/diavgeia

A Scrapy spider capable of downloading data and PDF documents from diavgeia.gov.gr

Primary LanguagePython

Diavgeia

Build Status

A crawler that leverages Diavgeia's OpenDataAPI to download decisions as well as their respective metadata.

Prerequisites

  • Python 2.7.x
  • Scrapy 1.0.3

Introduction

The cralwer parses command line arguments (as defined by Scrapy Framework), and performs the respective calls to Diavgeia's OpenData API in order to fetch decisions metadata and documents. Documents are downloaded using a seperate threaded downloader pipeline. Currently the work on this project is ongoing.

Settings

Diavgeia stores its configuration under diavgeia/settings.py file. The values that are configurable are the following:

  • DOWNLOAD_DIR: The directory where the downloader pipeline stores the decision documents. To avoid resulting to a directory full of documents, the downloader seggregates decisions by their organization id. Therefore when a decision is downloaded, a new subdirectory is created (if not exists) named under the organization ID. Default is /tmp/diavgeia
  • THREADS: Number of concurrent threads that will be used to download decision documents. Default is 15.

Run Diavgeia

Diavgeia can be run using the following command:

scrapy crawl diavgeia_spider

The above command fetches decision documents that were submitted to Diavgeia the previous day. Queries can be performed to Diavgeia using search arguments defined by the API. Such arguments can be passed to the crawler with the -a flag. e.g: If we wish to search every decision published by an organization we can use the following command:

scrapy crawl diavgeia_spider -a org=30

where 30 is the organization ID. Diavgeia allows us to request an organization using its name as well.

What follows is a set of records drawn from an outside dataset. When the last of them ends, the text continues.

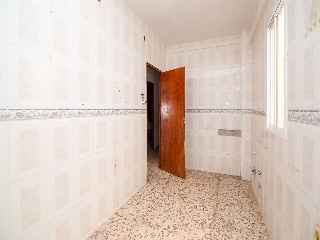 Vivienda en C/ Naranjos - Mula - 64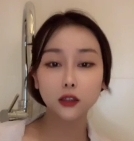 限时特惠女神宝儿私拍集合：10v+3.50GB高清有尺度百度云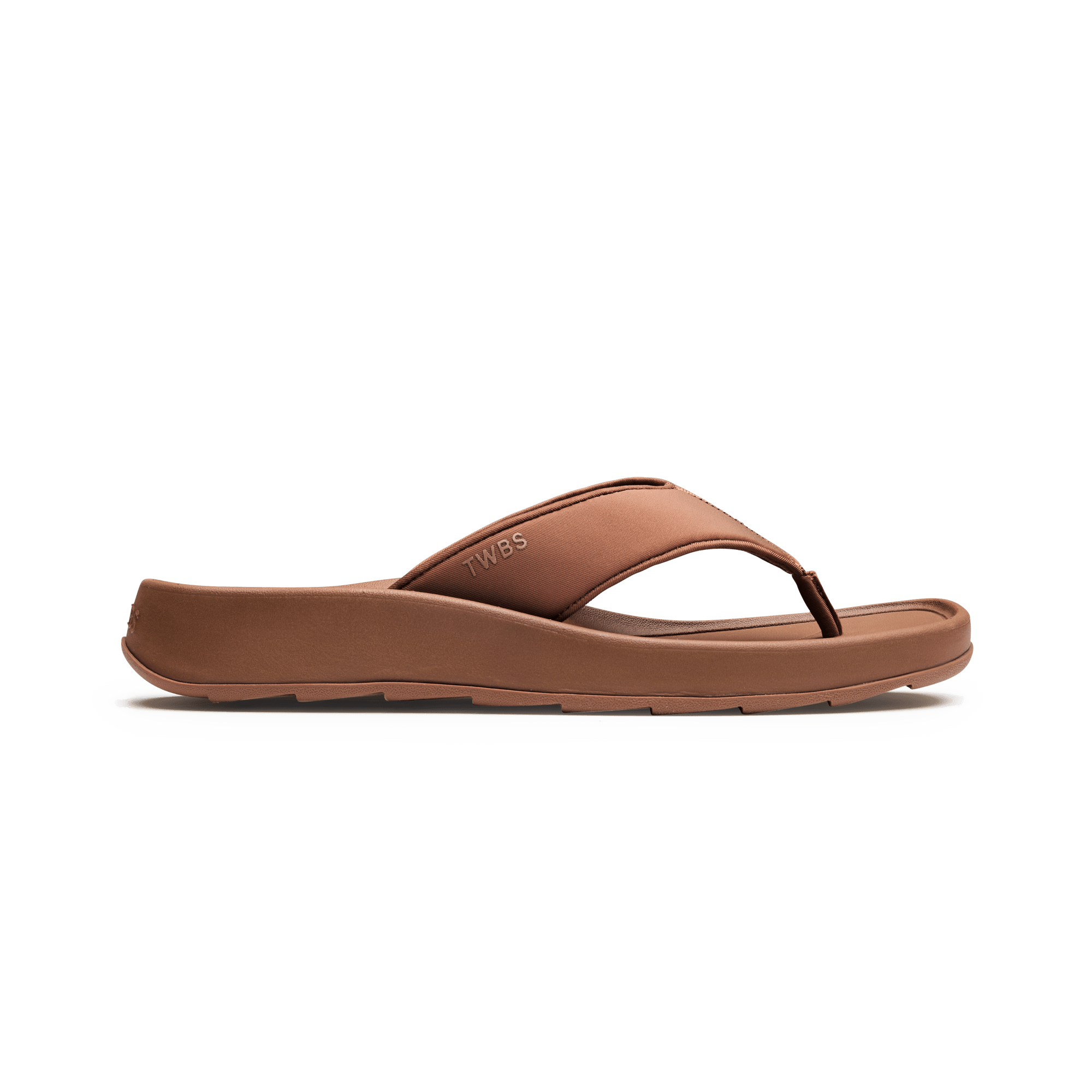 Shop All Shoes - TWOOBS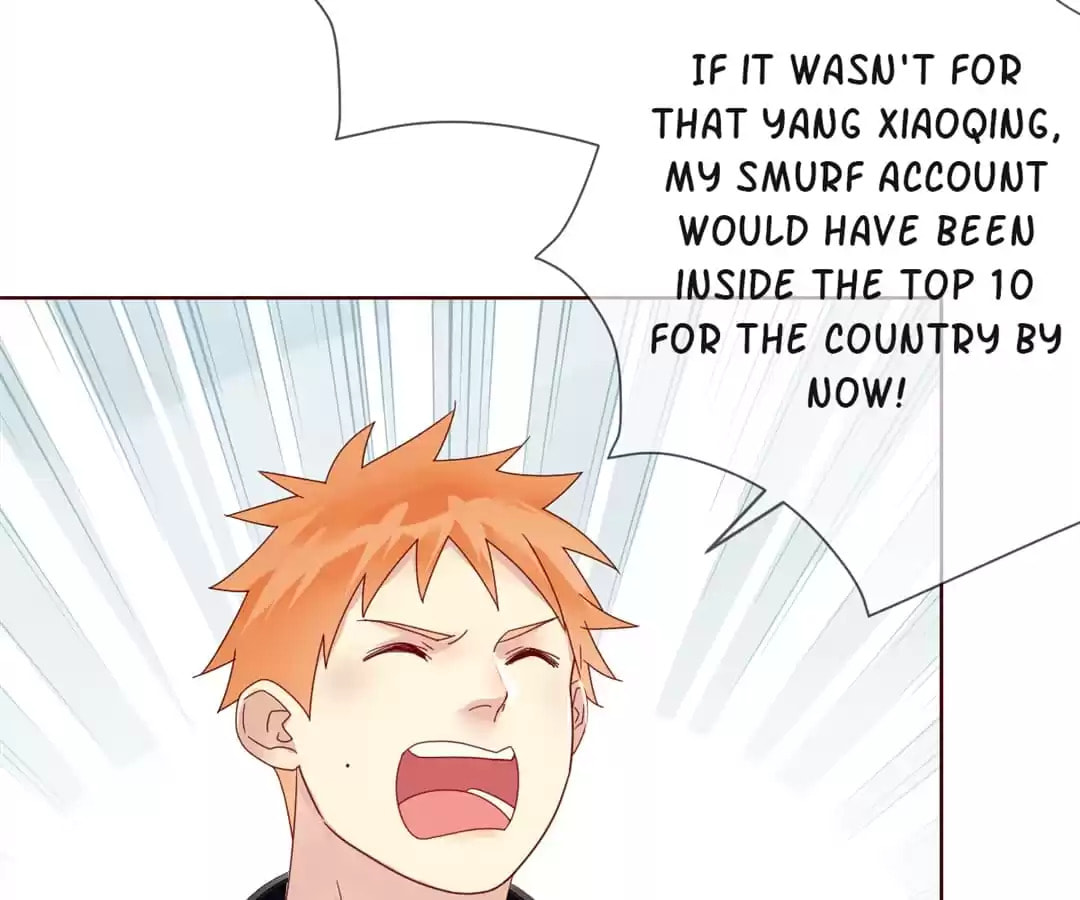 Read Legend Reboot chapter 171 image 8 on Lezhin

Allowed arguments for the spider are depicted on the following table:

Argument Description
ada Unique decision ID
org ID or latin name of organization
subject Subject of the decision
protocol Protocol number
term General search term
unit Unit ID
signer Signer ID
type Type of decisions
tag Category tag
from_date From submission date (in YYYY-MM-DD format)
to_date To submission date (in YYYY-MM-DD format)
from_issue_date From issue date (in YYYY-MM-DD format)
status To issue date (in YYYY-MM-DD format)
size Results size.